What needs to be done: Print out the data precisely as it appears here, with no pictures.

Data section:
-------------------------

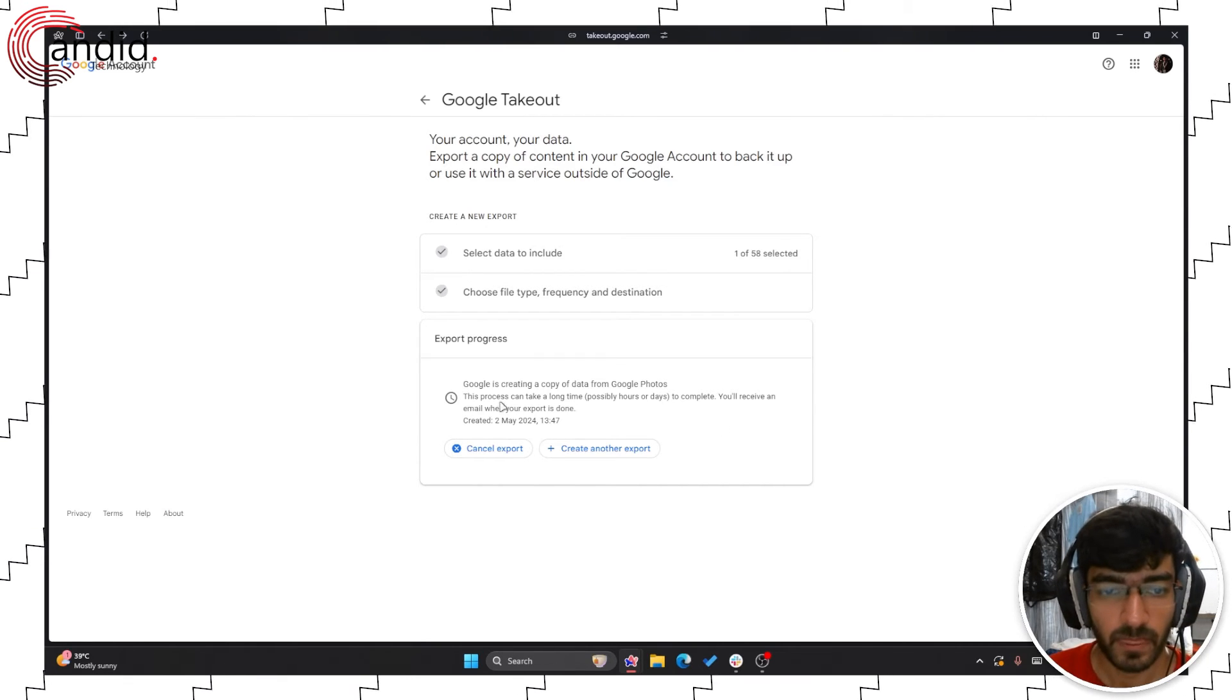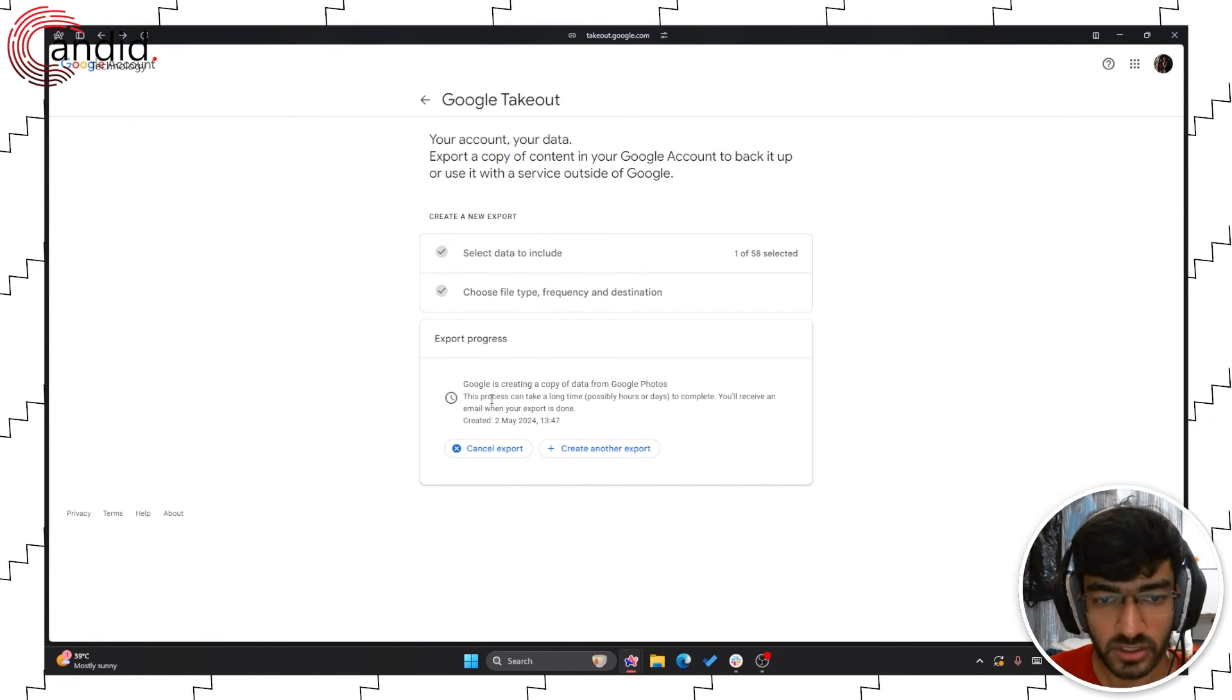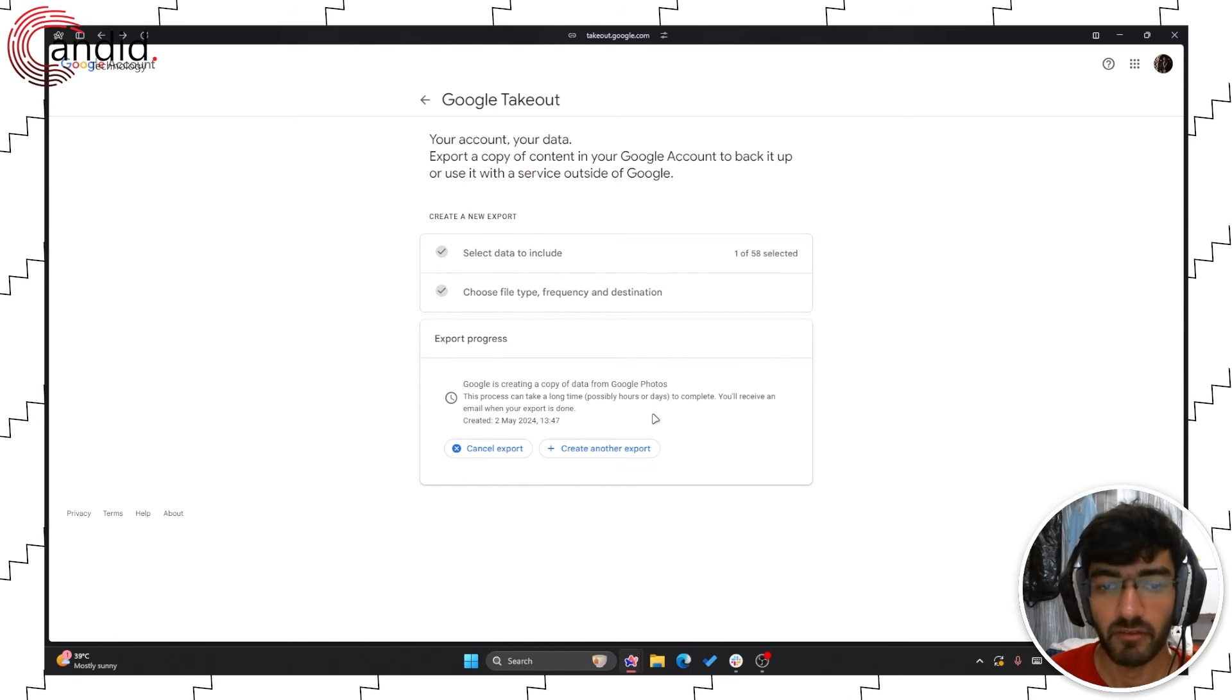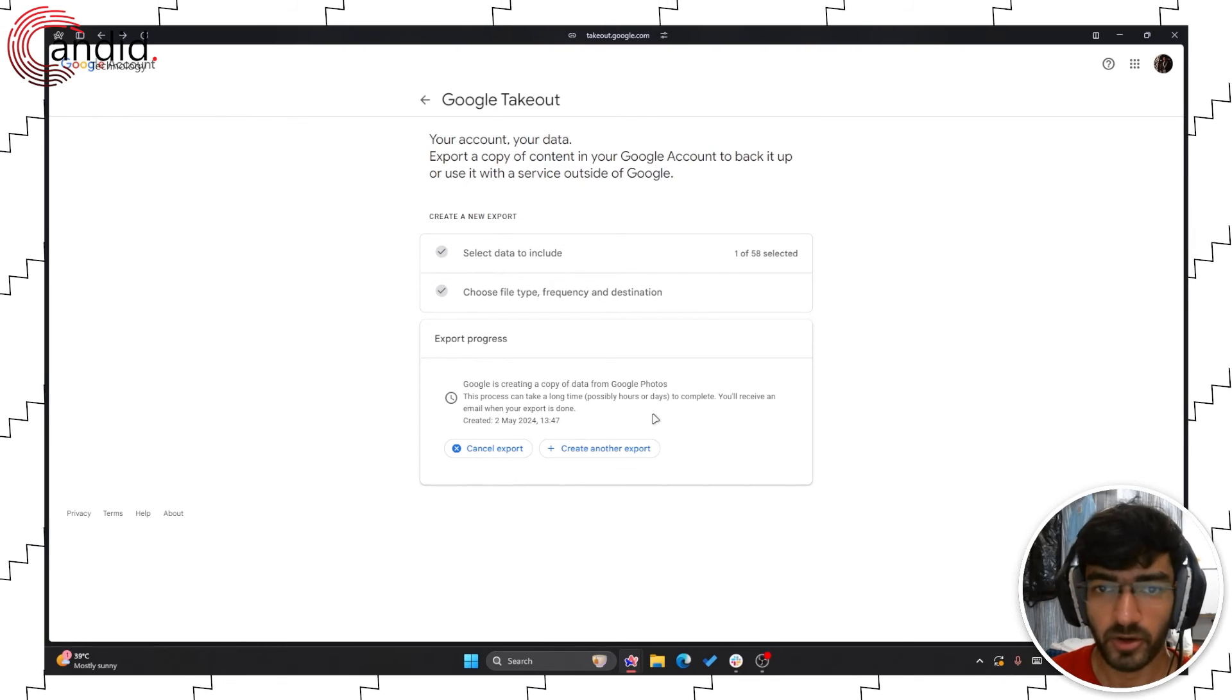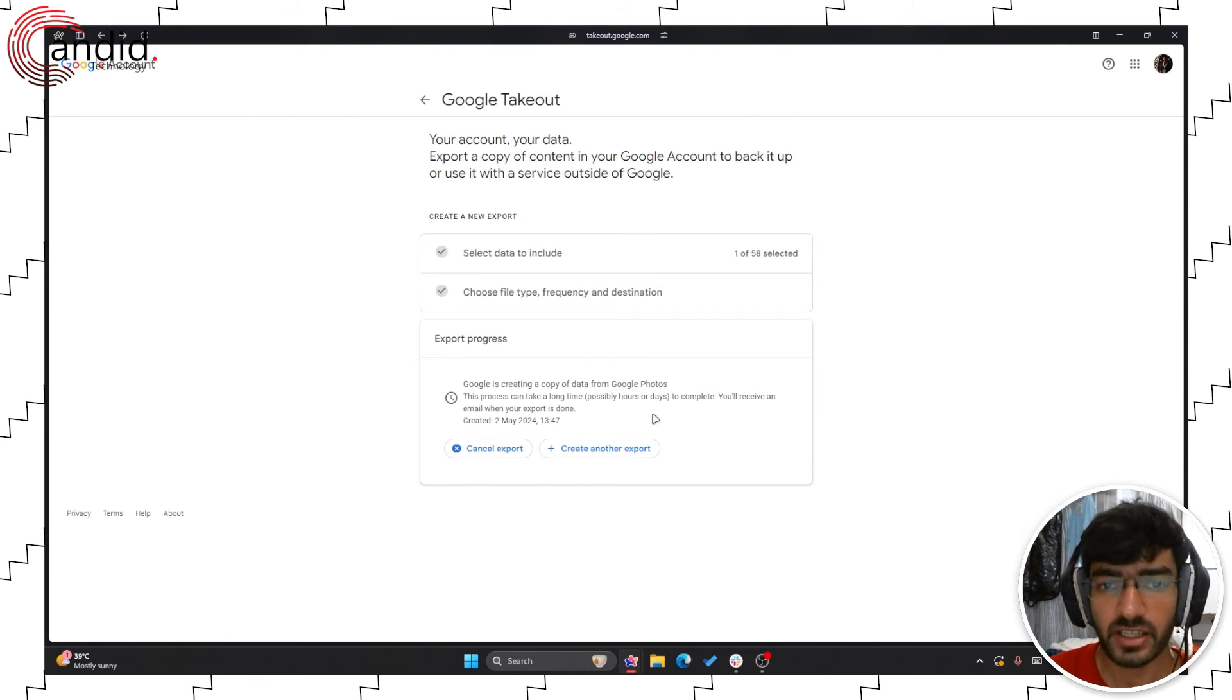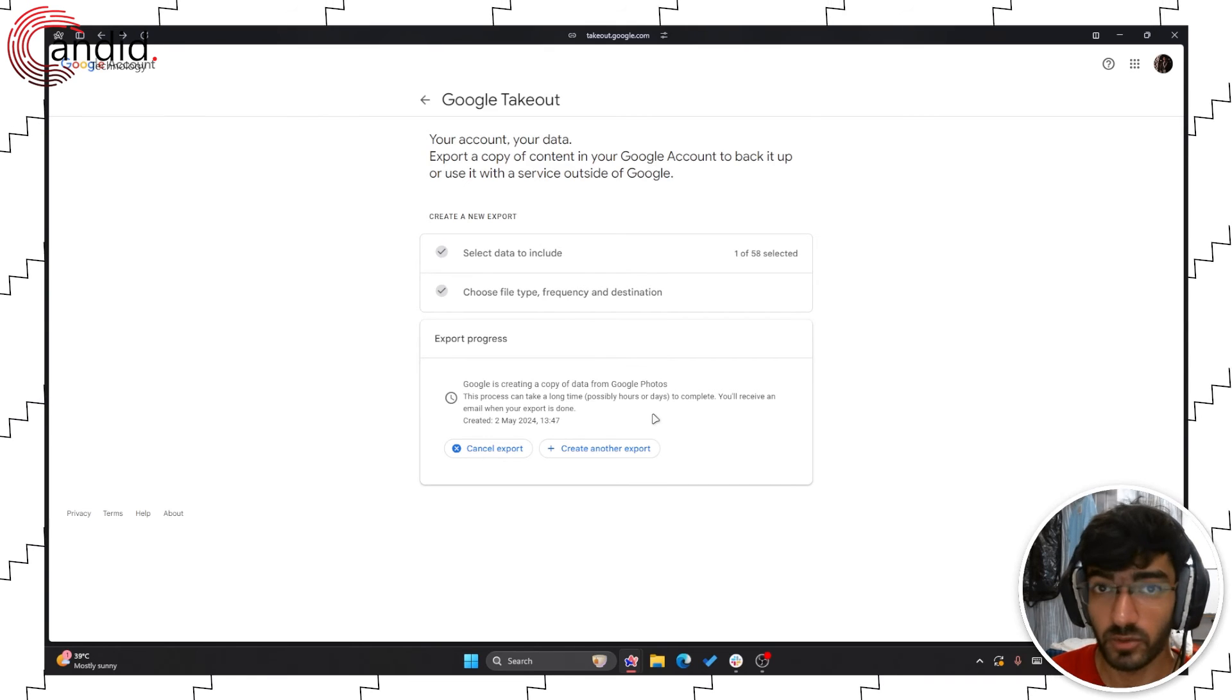As you can see, Google is giving me a warning here. It's creating a copy of my data from Google Photos. It can take a long time, possibly hours or days to complete and you will receive an email when the export is done. You can close this page for now, go back and go about your day and when the export is complete, you'll receive the download link in your email which you can then send to anyone else or to your new account if that's what you want to do.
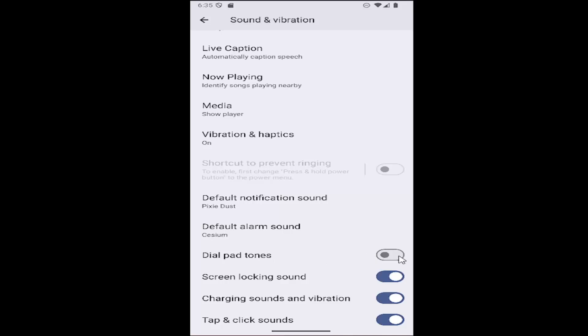To enable dial pad tones, just click inside the oval one time. You can see it's now a blue filled oval, meaning it is turned on.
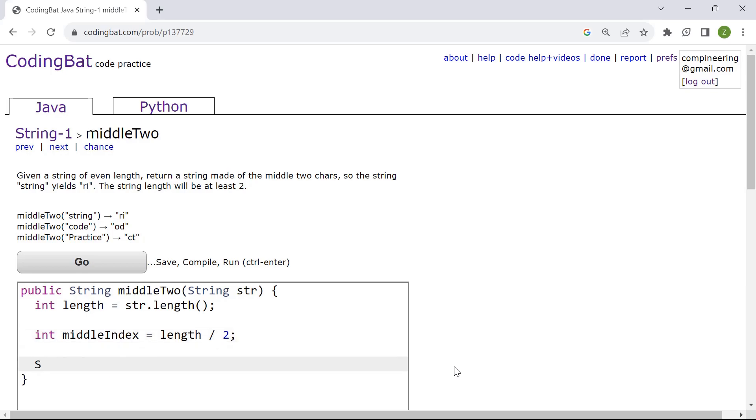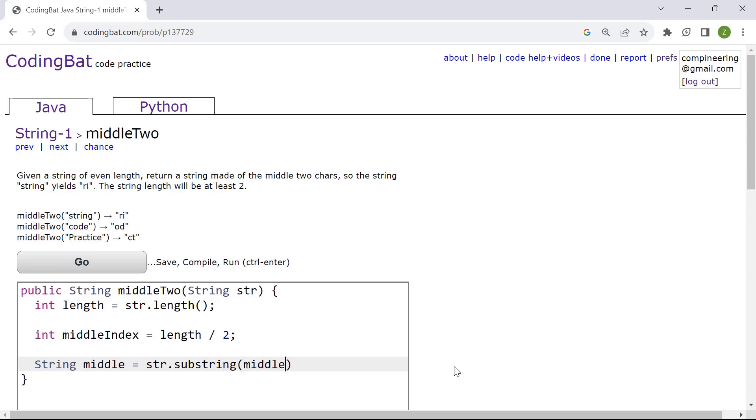And then we're going to have another variable named middle equal to str.substring. For substring we can get certain characters from a given string. In here we're going to have the middle index which was the middle of the string.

-------------------------

Answer:
As you can see, Google is giving me a warning here. It's creating a copy of my data from Google Photos. It can take a long time, possibly hours or days to complete and you will receive an email when the export is done. You can close this page for now, go back and go about your day and when the export is complete, you'll receive the download link in your email which you can then send to anyone else or to your new account if that's what you want to do.
To enable dial pad tones, just click inside the oval one time. You can see it's now a blue filled oval, meaning it is turned on.
And then we're going to have another variable named middle equal to str.substring. For substring we can get certain characters from a given string. In here we're going to have the middle index which was the middle of the string.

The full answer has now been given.